I just have to remind myself to let it go. Trust my gut. Always, always trust your gut. And always, always, be honest. People like to hear the truth, good or bad.
I've been thinking a lot lately about things like fear and trust, and in this instance, as they relate to horses.
My experience has made me the kind of person that feels safer on the back of a horse then on the ground beside one. I'd sooner ride a horse through a scary situation then walk one. Which to some people is nutty. But I've fallen off horses and no evil has come. I've been holding horses and been hurt.
I find myself driving to the barn and appreciating, having read so many other blogs, the fact that I feel no apprehension or foreboding on my drive. There are a great many things that I don't even consider "scary" as I'm doing them, that I realise later for so many others, may be fearful.
I look at myself and wonder, what makes me different?
Then I realise, perhaps it isn't me.
Perhaps, just maybe, it's Moon.
Because I still feel my heart beat fast when I lift the hoof of a different horse. Even if I've known them for awhile, worked with them before. If I lead them and their head is high and they're "looky", I put a little extra space between us and get ready for anything. My hands grow cold at the thought of walking someone's horse into the trailer, and the last time I mounted a new horse, I could feel my heart beating in my chest.
It's not fear so much as nervousness, but I find comfort in my boy.

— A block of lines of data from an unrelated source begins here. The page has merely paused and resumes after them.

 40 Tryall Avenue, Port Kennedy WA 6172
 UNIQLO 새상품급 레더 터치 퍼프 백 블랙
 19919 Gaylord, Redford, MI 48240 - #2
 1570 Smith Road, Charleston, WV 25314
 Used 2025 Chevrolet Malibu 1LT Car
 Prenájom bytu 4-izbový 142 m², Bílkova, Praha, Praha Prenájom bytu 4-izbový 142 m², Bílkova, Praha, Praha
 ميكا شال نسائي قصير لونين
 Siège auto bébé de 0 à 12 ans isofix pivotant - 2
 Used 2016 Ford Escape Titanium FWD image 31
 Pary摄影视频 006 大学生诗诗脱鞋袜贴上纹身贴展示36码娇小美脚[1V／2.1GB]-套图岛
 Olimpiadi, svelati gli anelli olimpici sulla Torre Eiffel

From the day I first rode him, I felt secure. Even when I was nervous, I had some strange sense of security in him. I can't even begin to describe it. It's this feeling that he'd never intentionally hurt me.
I found and continue to find myself pushing his boundaries, pushing his anxieties, fears and nervousness with new experiences. Making him go through that deep puddle, asking him to jump that fence, leading him onto that trailer. Things that any other horse I'd be scared to attempt, yet with him...I'm not. Just simply, not.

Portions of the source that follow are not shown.